アル・ゴア氏の「不都合な真実」が発表され、そんな地獄の未来を避けるには最悪でも2013年までには「強力な具体的対策」がなされなければならない、と言われていた。


そして「それ」は先送りにされたまま、僕の住む街にも「その日」が来たわけだ。


自然の猛威は「自分には関係ないという人達」も「人生をかけて環境問題に取り組んできた人達」にも「よくわからない」人達にも平等に襲いかかる。


僕なんかよりはるかに「人生をかけて環境問題に取り組んできた人達」を沢山知っているので、本当に複雑な気持ちになる。





【スーパーのおじいちゃん】


台風直前のスーパーには多くの高齢者の人達でごった返していた。

自動精算機になれない高齢者も多くて、買い物客のレジ待ちの列は恐ろしく長引いてる。


若い店員さんも全力で急ぐけど、列は進まない。

険悪な雰囲気の中、精算を終えた「おじいちゃん」が、その若い店員さんに言った。


「こういう時は、せっかくだから楽しまなきゃな」


おじいちゃんも悪気はないだろうけど、その1言は恐ろしくスベった。


おじいちゃんは自分の食料を調達し終えて、この祭りのような状況を楽しんでいるようだった。

おそらく彼なりに「場を和ませようとした」一言だったのかもしれないが、この緊急事態に必死に働いている若い店員さんにも「人生」や「家族」や「未来」もある。


「楽しもうにも楽しめない」状況で、そのまま家に帰れるおじいちゃんとは全く違うのだ。

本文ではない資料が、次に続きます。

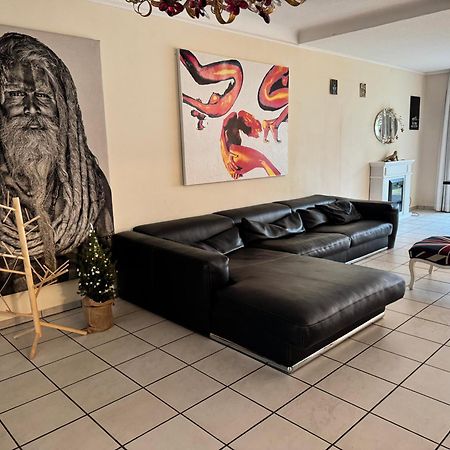 Villa Casa Blanca Mit Privatem Schwimmbad 26 Grad Und Sauna Duisburg Exterior foto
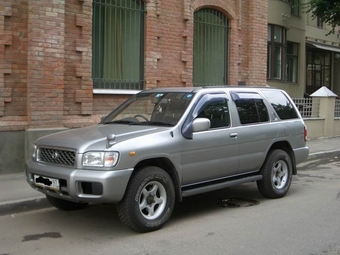 2000 Nissan Terrano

閉店まで働いたら暴風雨の中帰れなくなるかもしれない。


店員さんもその他のお客さんも「誰1人」笑わないまま、品薄を詫びる店内放送と、赤ん坊の鳴き声だけが店内に響いていた。




【可視化されるものたち】


いくら地上波や新聞が「いつもの日本」を演出しても、こういう些細な瞬間に「分断」は可視化されてしまう。


少し前に岡田斗司夫さんのニコ生にゲストで出た時に、僕は「すでにこの国の国民は完全に分断していて、社会は廃墟になっているけどインフラだけは動いている」と言った。



ところが自然災害の度に人々は助け合い、嫌でも色々考える事になる。


「この社会は間違っているんじゃないか?」なんて。